▶ _What is being asked_
Below are entries. Reproduce exactly the lines between the line holding "Postel nebo postele" and the line holding "Joyful Couple Embracing", inclusive, and only those.
------ Given entries
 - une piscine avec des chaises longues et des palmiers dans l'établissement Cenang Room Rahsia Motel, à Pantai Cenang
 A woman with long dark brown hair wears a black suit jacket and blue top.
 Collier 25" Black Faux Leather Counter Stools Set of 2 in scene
------------
------ Given entries
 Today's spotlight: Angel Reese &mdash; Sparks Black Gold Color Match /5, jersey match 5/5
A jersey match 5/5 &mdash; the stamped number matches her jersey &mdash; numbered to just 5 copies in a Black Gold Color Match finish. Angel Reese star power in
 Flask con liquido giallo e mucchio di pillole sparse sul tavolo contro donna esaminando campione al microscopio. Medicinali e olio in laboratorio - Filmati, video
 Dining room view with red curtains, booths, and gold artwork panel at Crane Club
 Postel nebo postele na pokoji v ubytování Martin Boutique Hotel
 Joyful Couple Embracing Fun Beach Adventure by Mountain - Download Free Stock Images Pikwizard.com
------------
------ Given entries
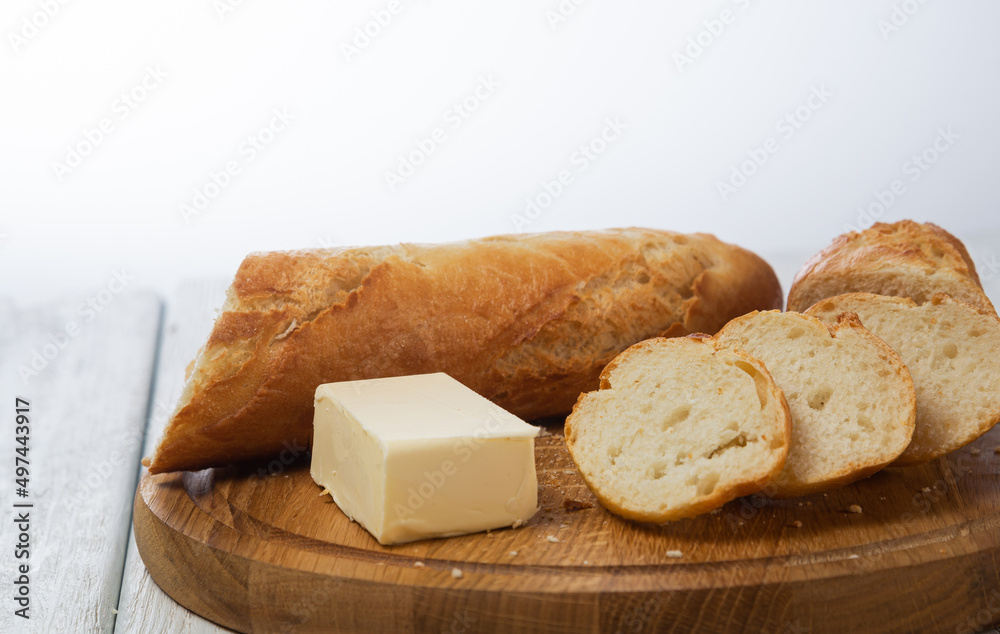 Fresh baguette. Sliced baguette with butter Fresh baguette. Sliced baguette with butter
------------
▶ _Exercise result_
 Postel nebo postele na pokoji v ubytování Martin Boutique Hotel
 Joyful Couple Embracing Fun Beach Adventure by Mountain - Download Free Stock Images Pikwizard.com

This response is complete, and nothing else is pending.